According to Nuclear South West, which promotes the industry in the region, 50 per cent of future recruits across the sector will need to be women in order to meet the target of 40 per cent female representation by 2030. The industry body claims that people from more diverse backgrounds must be encouraged into the sector and that Hinkley Point is the ideal platform with which to do so.
“We currently have around 22 per cent of women working in the nuclear sector across all levels, and many fewer at senior levels. That can and should be better,” said Beccy Pleasant, head of Nuclear Skills for the Nuclear Skills Strategy Group (NSSG), who is working to bring a business case for a new £1.7m Skills Delivery Plan.
“We need to excite the next generation and get them thinking more about a career in nuclear. And as an industry, we need to move away from the perception that we only have highly technical roles, or work requiring highly qualified people with a scientific background. While we need those roles, we also need employees who are skilled in work like cable-pulling and welding, as well as engineers and project managers who might be working in other sectors.”

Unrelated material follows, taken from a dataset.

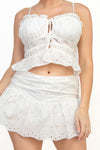 Sweetheart Shirred Eyelet Top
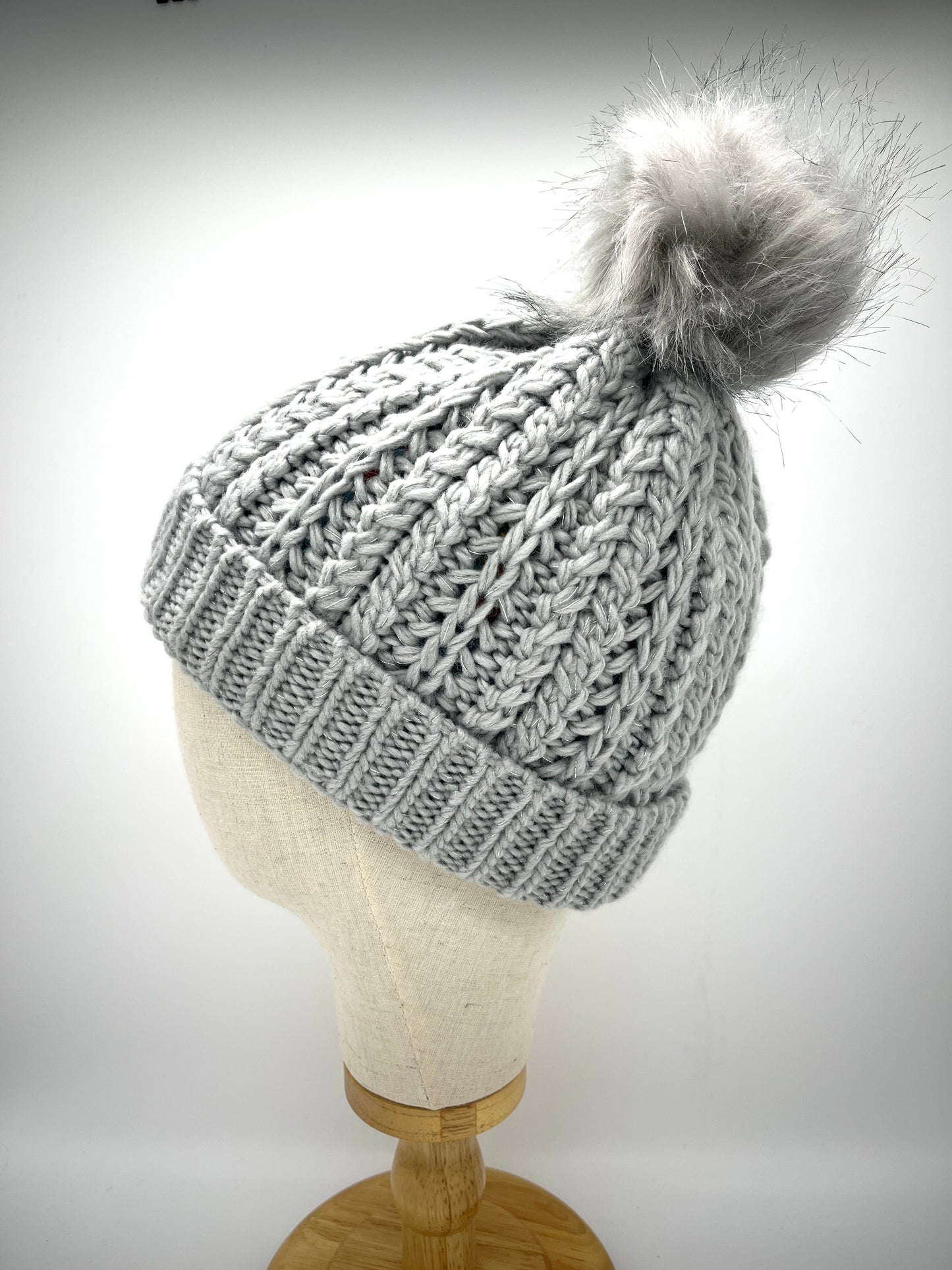 Grey silk lined woolly hat, beanie (upcycled silk) SilkGenie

Beccy will be speaking about the NSSG’s Skills Delivery Plan and her role in developing skills for the future of the industry at Nuclear South West 2019, the UK’s largest nuclear conference which takes place in Somerset on October 2 and 3. One of the key objectives of the plan is to develop the ‘NextGen Nuclear’ project, a ‘whole sector’ approach to improving outreach and careers activity that aims to help bridge the gap between the sector and schools and prepare young people for the nucelar workforce.
“The focus needs to be on schools and teachers to attract more females into studying STEM subjects, but also looking at how we can transition experienced staff in from other sectors,” Beccy continued. “We are working hard with our employees to support people who want to redeploy from declining energy sectors into our roles.